🤖 AI Summary
This work addresses the challenge of enabling robots to simultaneously reason about high-level goals, material details, and efficient planning in long-horizon clay sculpting tasks. The authors formulate the problem as shape matching and introduce the first visual alignment representation that jointly incorporates lighting and texture cues for dynamic modeling and long-term planning with deformable objects. Their approach employs a parameterized pressing action space and a vision-aligned dynamics model, eliminating the need to retrain policies for each new target shape. Experiments across three deformable materials demonstrate performance on par with state-of-the-art methods, while achieving, for the first time, vision-guided, long-horizon robotic relief creation (>100 steps) compatible with multiple materials and end-effectors.
📝 Abstract
Clay sculpting is a nuanced, artistic task involving dexterous manipulation with long-horizon planning to achieve high-level goals. As a robotics problem, we formulate clay sculpting as a shape-to-shape matching challenge. Prior deformable object manipulation work either requires retraining a policy per goal or relies on dynamics models which represent state as sparse point clouds which do not capture important clay features, such as textures, well.

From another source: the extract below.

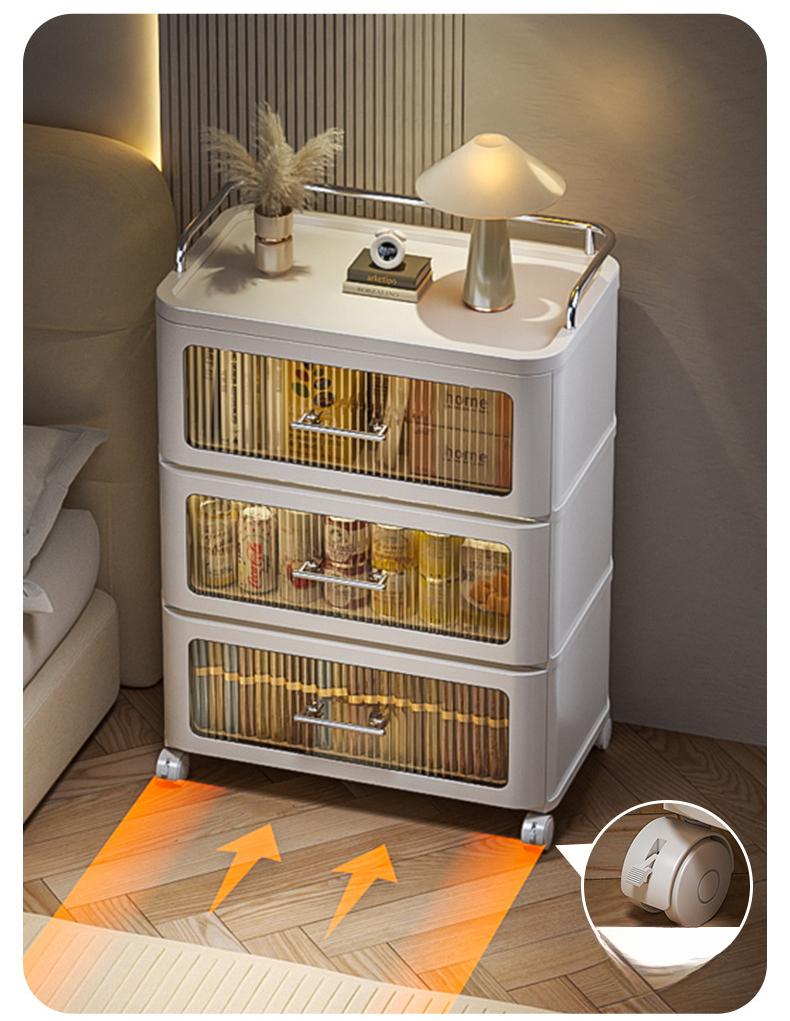Product Introduction of Multi-Functional Drawer Storage Cabinet Household Storage Cabinet Organizing Cabinet Multi-Layer Toy Snack Movable Storage Rack 8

We present a method for modeling the dynamics of deformable materials and planning for robotic sculpting in a representation that is visually-aligned, capturing lighting and texture features. With three different deformable materials and various end-effectors, we demonstrate that our dynamics model is comparable in performance to the state-of-the-art with the added benefit of being compatible with visual planning. Our actions are represented as parametrized pushes into clay with a single end-effector, which proved to be suitable for long-horizon (>100 actions) clay relief sculptures. Lastly, we show the benefits of planning in a visually-aligned representation, but also provide analysis providing evidence as to why this representation is challenging to plan in compared to 3D representations.